US President Donald Trump will recognise Jerusalem as Israel’s capital, senior administration officials have said.

But the officials said Mr Trump would not immediately move the US embassy from Tel Aviv to Jerusalem.

The news comes ahead of an expected speech by Mr Trump on Wednesday.

Arab leaders earlier warned against moving the US embassy in Israel to Jerusalem, with one saying this would be “a flagrant provocation to Muslims”.

The status of Jerusalem – a holy site for Israelis and Palestinians – is extremely contentious.

Israel has always regarded Jerusalem as its capital city, while the Palestinians claim East Jerusalem as the capital of a future Palestinian state.

In recognising Jerusalem as Israel’s capital, the US becomes the first country to do so since the foundation of the state in 1948.

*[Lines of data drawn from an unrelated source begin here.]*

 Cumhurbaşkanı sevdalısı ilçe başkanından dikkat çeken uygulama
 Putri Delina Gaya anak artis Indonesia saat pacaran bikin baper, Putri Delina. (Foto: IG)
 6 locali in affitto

The issue goes to the heart of Israel’s conflict with the Palestinians, who are backed by the rest of the Arab and wider Islamic world.

The city is home to key religious sites sacred to Judaism, Islam and Christianity, especially in East Jerusalem.

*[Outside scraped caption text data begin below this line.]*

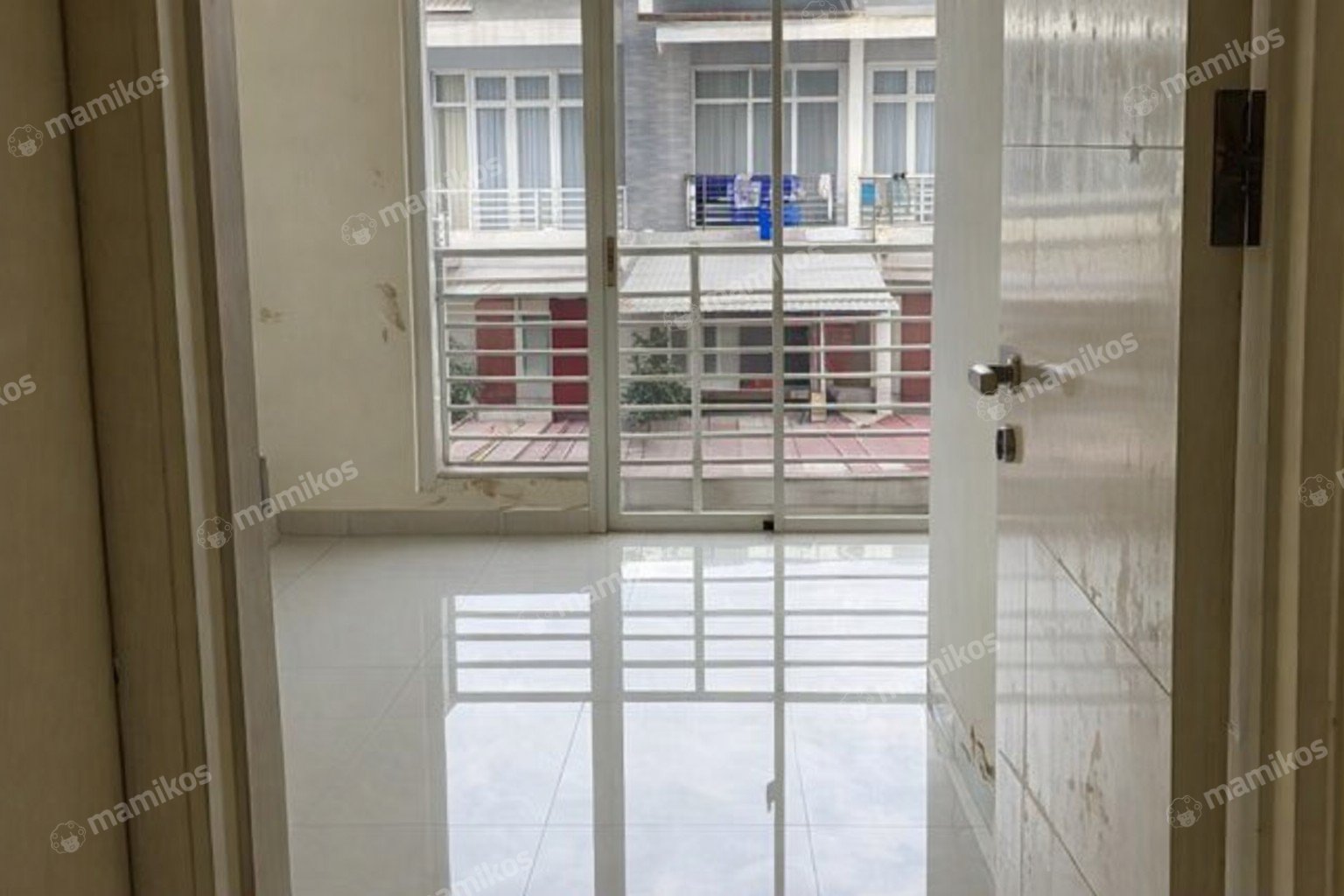 Rumah Sertifikat SHM 2 Kamar Tidur 2 Kamar Mandi Green Lake City Jakarta Barat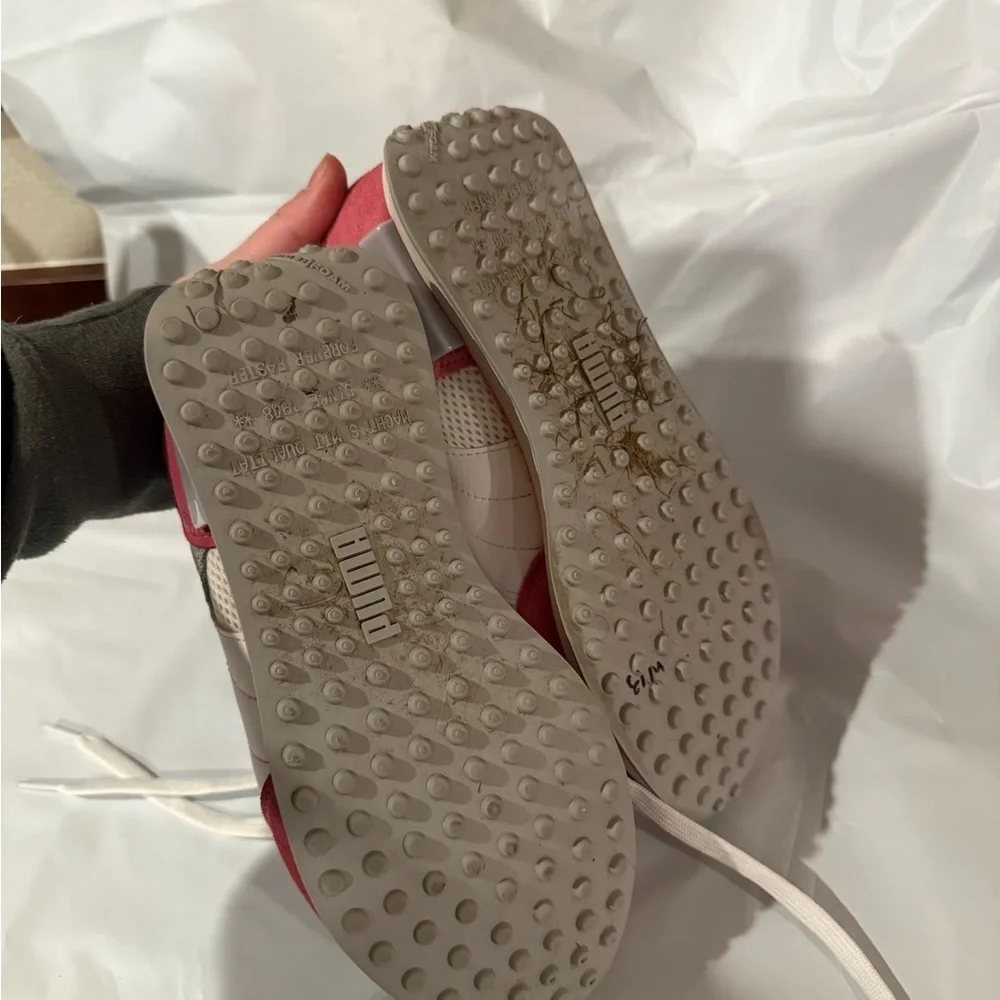 Women’s Puma FUTURE RIDER PLAY ON Size 8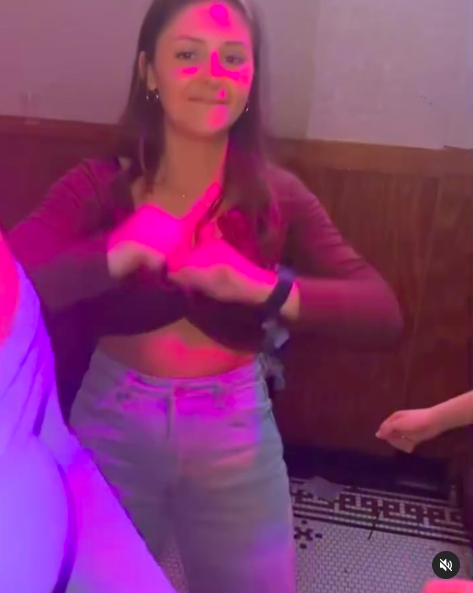 Laken Riley bailando en una noche de fiesta con amigos | Fuente: Instagram/connollyhuth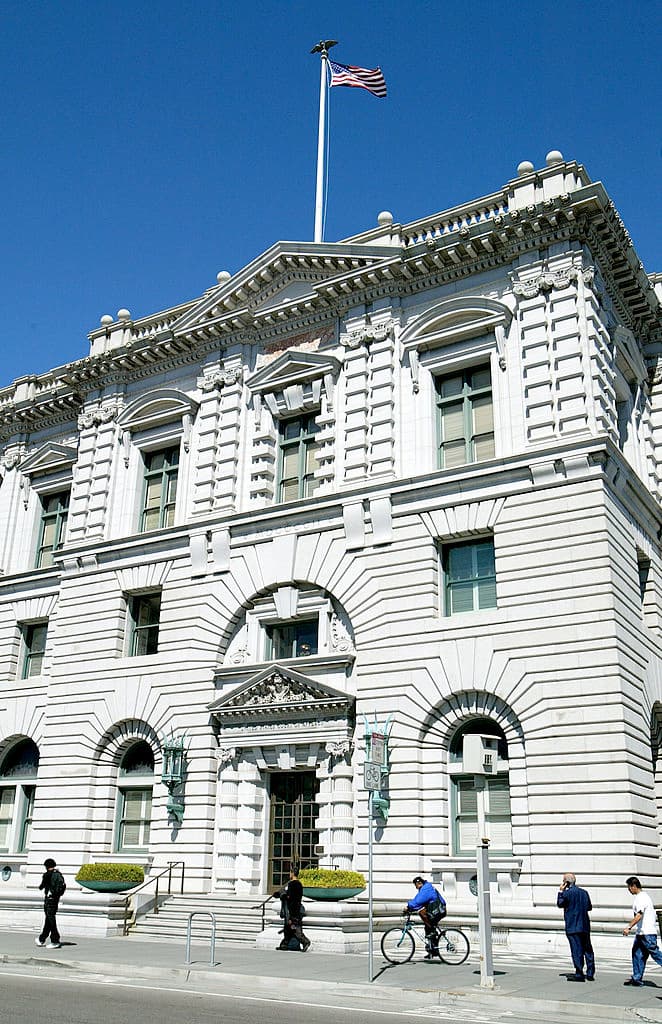 El pleito llegó a la Corte Federal de Apelaciones del Noveno Circuito, en su sede de San Francisco. Esta evaluó el caso y declaró que si el gobierno no tiene albergues, es "inconstitucional" castigar a quienes duermen en las calles, porque no pueden pagar por un techo, ni por comida.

Israel occupied the sector, previously occupied by Jordan, in the 1967 Middle East war and regards the entire city as its indivisible capital.

The Palestinians claim East Jerusalem as the capital of a future state, and according to 1993 Israel-Palestinian peace accords, its final status is meant to be discussed in the latter stages of peace talks.

Israeli sovereignty over Jerusalem has never been recognised internationally, and all countries maintain their embassies in Tel Aviv.

Since 1967, Israel has built a dozen settlements, home to about 200,000 Jews, in East Jerusalem. These are considered illegal under international law, though Israel disputes this.

In recognising Jerusalem as Israel’s capital, the US could reinforce Israel’s position that settlements in the east are valid Israeli communities.

The Trump administration officials said recognising Jerusalem as Israel’s capital was seen “a recognition of reality” by the US government.

However, specific boundaries of the city would remain subject to a final status agreement, the official said. The status of holy sites will not be affected.

Mr Trump also would direct the state department to begin the process of moving the US embassy to Jerusalem – but this could take several years.

He promised the move to pro-Israel voters during his campaign for the presidency.

The US officials added that the president would be signing a regular waiver blocking the embassy’s move from Tel Aviv to Jerusalem until the new building was completed.

Ahead of his formal announcement, Mr Trump phoned several regional leaders to tell them he intended to move the US embassy from Tel Aviv to Jerusalem.

Saudi Arabia’s King Salman bin Abdulaziz al-Saud told Mr Trump that the relocation of the embassy or recognition of Jerusalem as Israel’s capital “would constitute a flagrant provocation of Muslims, all over the world”.

The White House said the president spoke to Middle East leaders including Israeli Prime Minister Benjamin Netanyahu on Tuesday. (Courtesy BBC)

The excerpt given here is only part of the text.